Work instructions: What you return should be only the lines in the entries below between the one holding "Ηλεκτρική σκούπα, Bosch" and the one holding "Illustration of umbrella", ends included, with every picture left out.

━━━━━ Exercise input ━━━━━

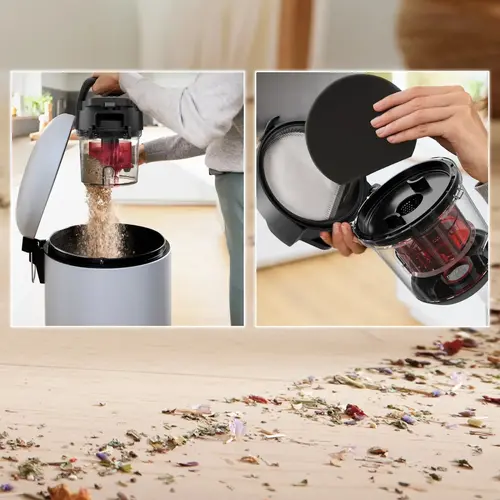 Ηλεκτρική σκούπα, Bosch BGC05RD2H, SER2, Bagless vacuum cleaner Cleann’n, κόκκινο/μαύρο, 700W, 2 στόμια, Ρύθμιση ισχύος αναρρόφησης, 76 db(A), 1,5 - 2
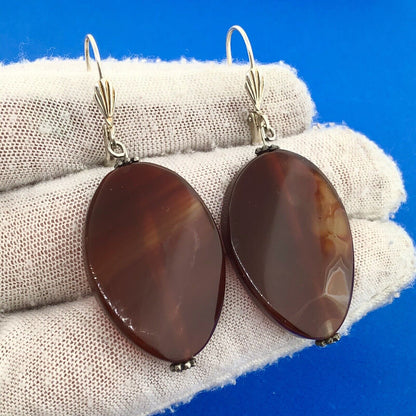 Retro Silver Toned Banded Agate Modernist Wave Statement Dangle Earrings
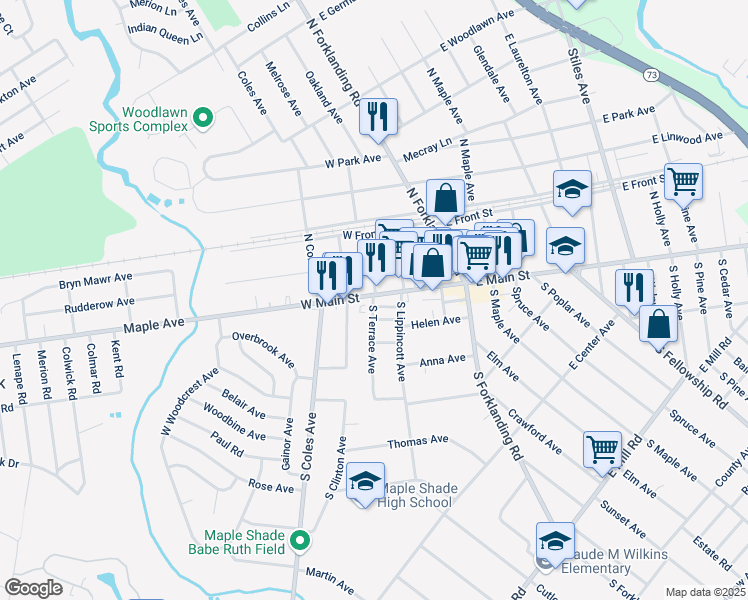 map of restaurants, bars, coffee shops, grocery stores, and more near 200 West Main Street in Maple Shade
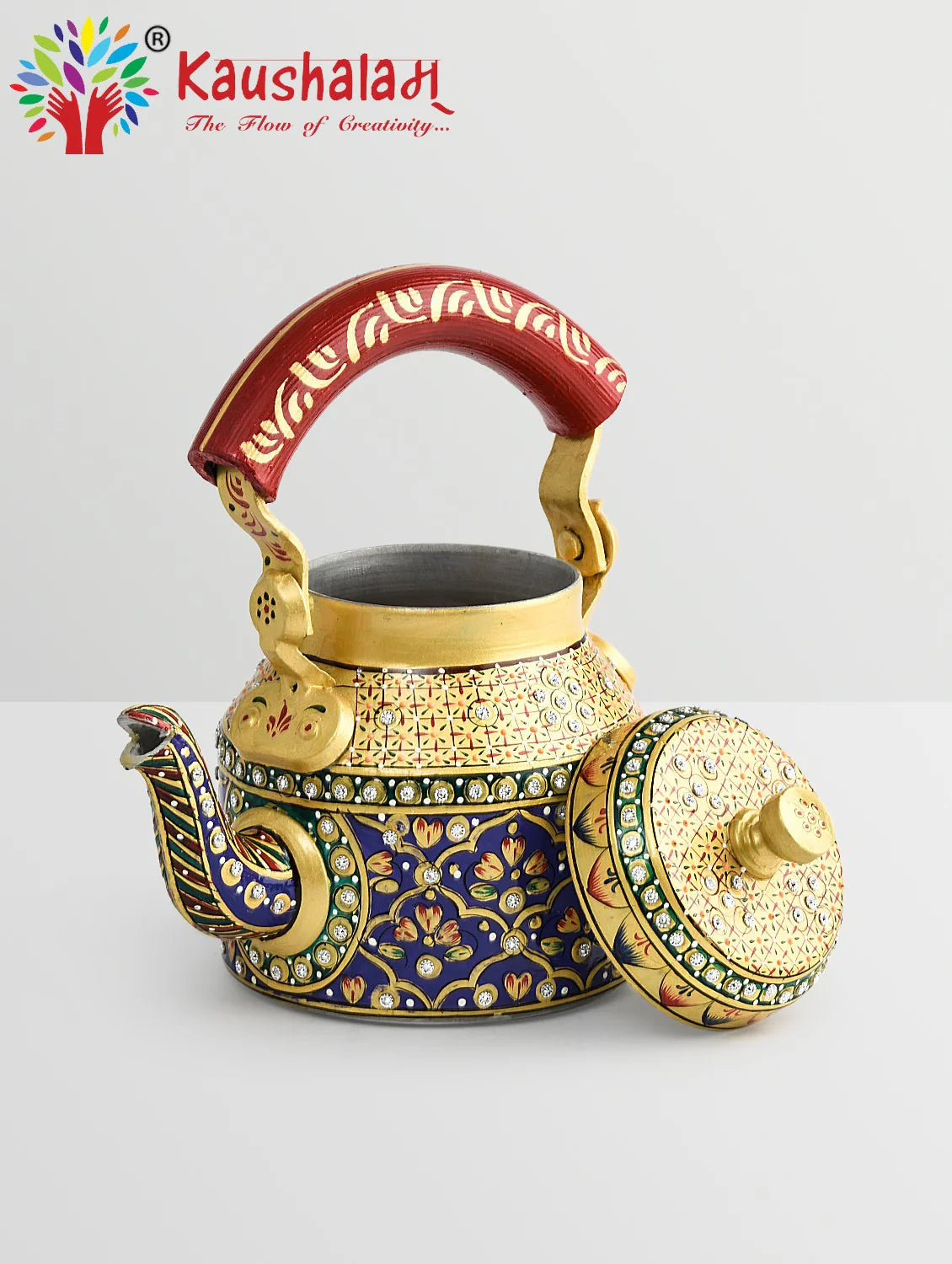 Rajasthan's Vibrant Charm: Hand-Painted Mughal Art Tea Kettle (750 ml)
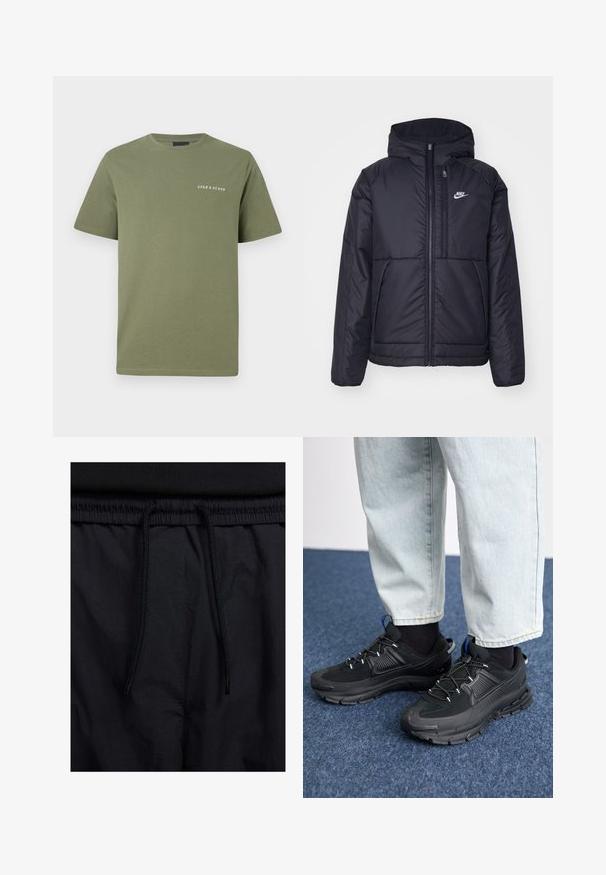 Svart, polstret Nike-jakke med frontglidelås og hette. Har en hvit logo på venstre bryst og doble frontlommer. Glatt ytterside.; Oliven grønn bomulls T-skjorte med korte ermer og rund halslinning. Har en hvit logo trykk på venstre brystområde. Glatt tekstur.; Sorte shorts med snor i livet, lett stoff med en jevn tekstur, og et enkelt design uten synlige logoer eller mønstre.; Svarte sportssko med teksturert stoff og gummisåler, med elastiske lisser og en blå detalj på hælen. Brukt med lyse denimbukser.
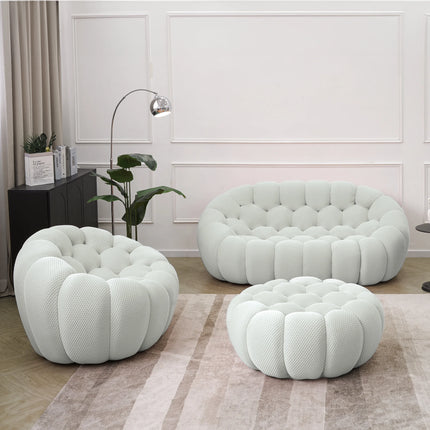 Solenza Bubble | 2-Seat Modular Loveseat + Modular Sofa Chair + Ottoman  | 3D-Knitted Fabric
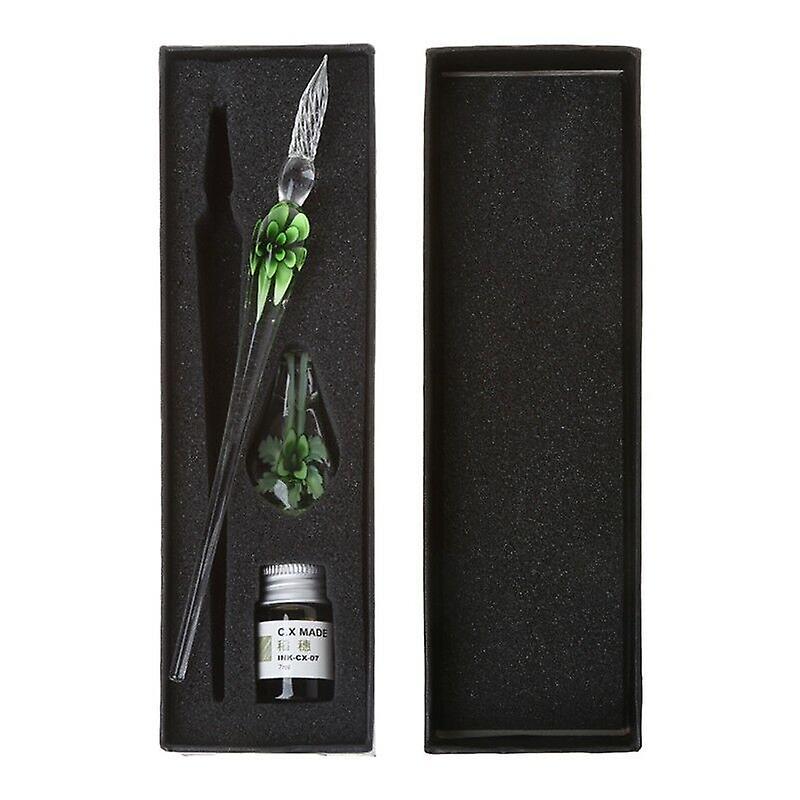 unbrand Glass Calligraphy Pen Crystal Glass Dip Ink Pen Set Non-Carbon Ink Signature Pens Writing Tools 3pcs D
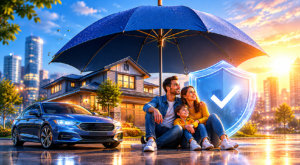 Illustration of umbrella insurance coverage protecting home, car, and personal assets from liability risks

━━━━━
━━━━━ Exercise input ━━━━━

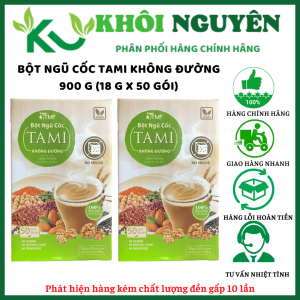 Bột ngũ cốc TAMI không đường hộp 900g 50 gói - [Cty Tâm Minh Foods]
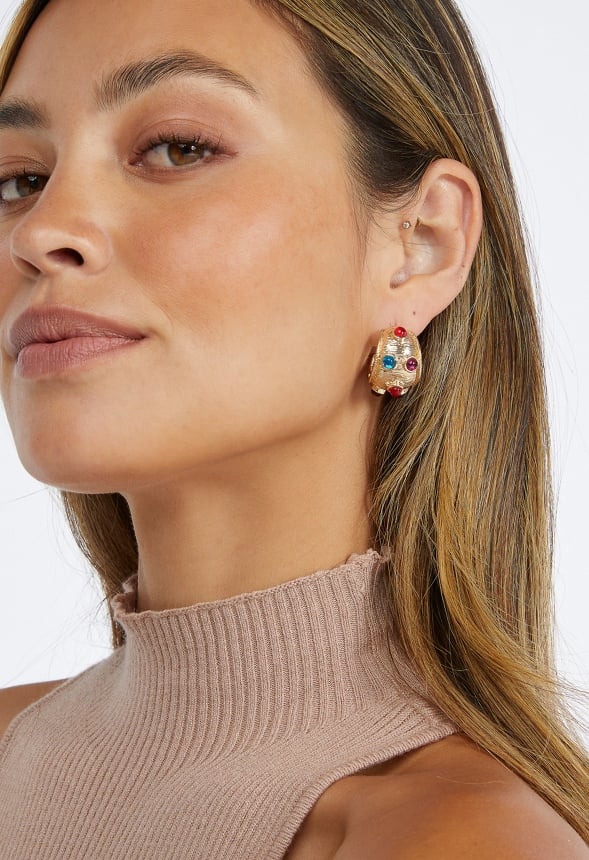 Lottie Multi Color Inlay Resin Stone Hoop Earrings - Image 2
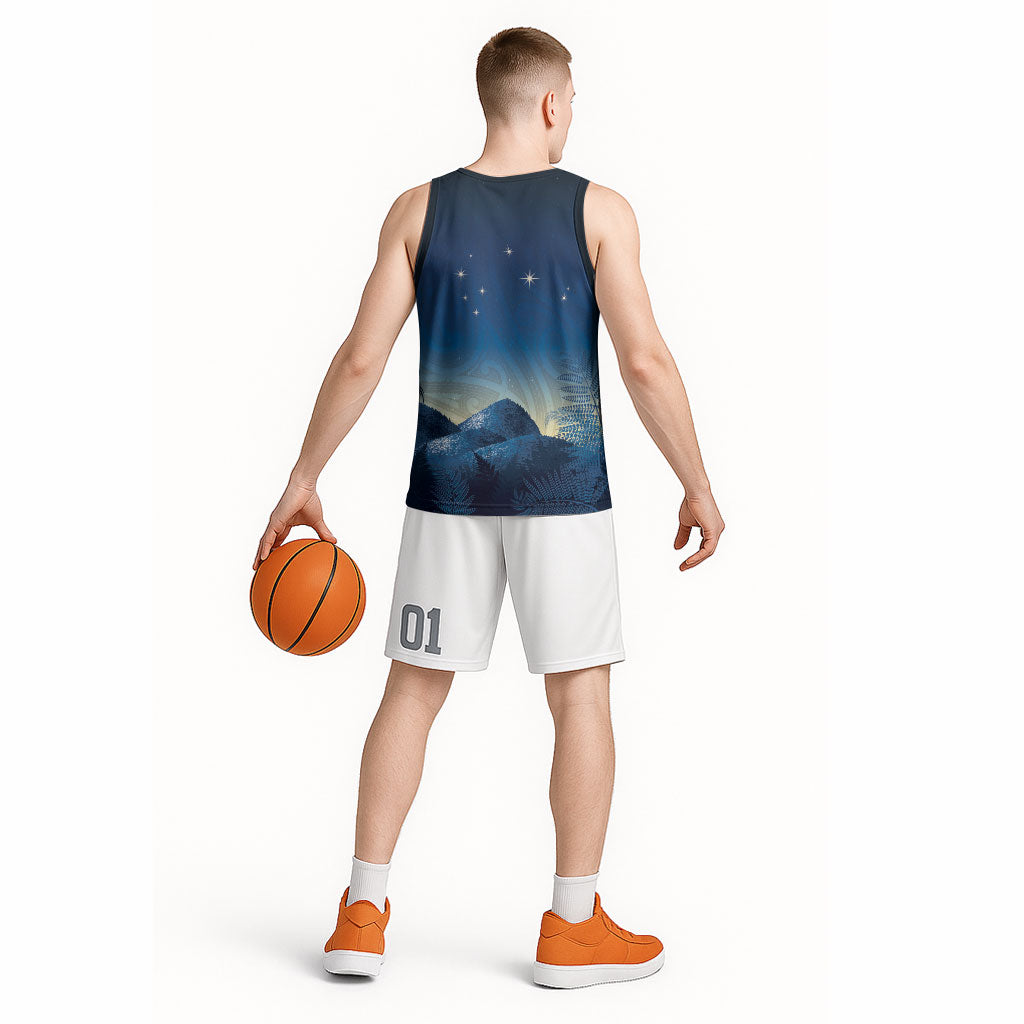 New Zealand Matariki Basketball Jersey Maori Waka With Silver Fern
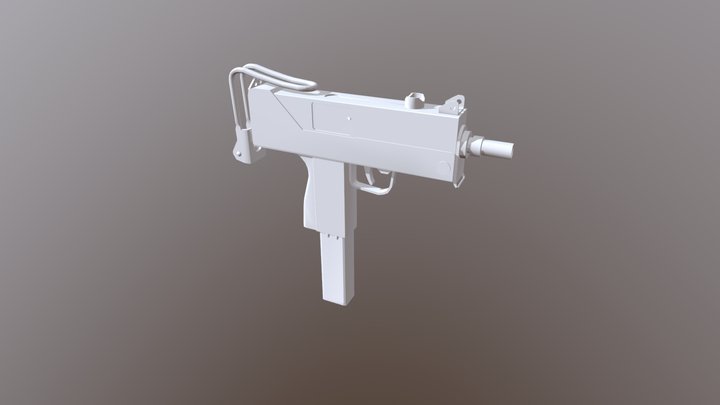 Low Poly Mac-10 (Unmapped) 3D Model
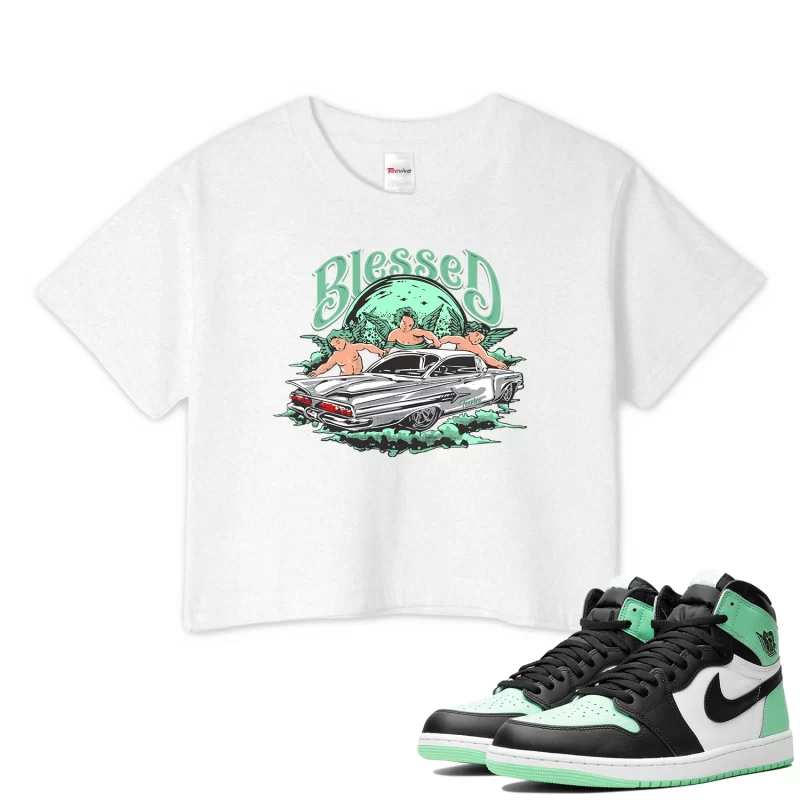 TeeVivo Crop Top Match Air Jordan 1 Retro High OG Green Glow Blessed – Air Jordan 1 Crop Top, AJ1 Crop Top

━━━━━

Your solution:
 Ηλεκτρική σκούπα, Bosch BGC05RD2H, SER2, Bagless vacuum cleaner Cleann’n, κόκκινο/μαύρο, 700W, 2 στόμια, Ρύθμιση ισχύος αναρρόφησης, 76 db(A), 1,5 - 2
 Retro Silver Toned Banded Agate Modernist Wave Statement Dangle Earrings
 map of restaurants, bars, coffee shops, grocery stores, and more near 200 West Main Street in Maple Shade
 Rajasthan's Vibrant Charm: Hand-Painted Mughal Art Tea Kettle (750 ml)
 Svart, polstret Nike-jakke med frontglidelås og hette. Har en hvit logo på venstre bryst og doble frontlommer. Glatt ytterside.; Oliven grønn bomulls T-skjorte med korte ermer og rund halslinning. Har en hvit logo trykk på venstre brystområde. Glatt tekstur.; Sorte shorts med snor i livet, lett stoff med en jevn tekstur, og et enkelt design uten synlige logoer eller mønstre.; Svarte sportssko med teksturert stoff og gummisåler, med elastiske lisser og en blå detalj på hælen. Brukt med lyse denimbukser.
 Solenza Bubble | 2-Seat Modular Loveseat + Modular Sofa Chair + Ottoman  | 3D-Knitted Fabric
 unbrand Glass Calligraphy Pen Crystal Glass Dip Ink Pen Set Non-Carbon Ink Signature Pens Writing Tools 3pcs D
 Illustration of umbrella insurance coverage protecting home, car, and personal assets from liability risks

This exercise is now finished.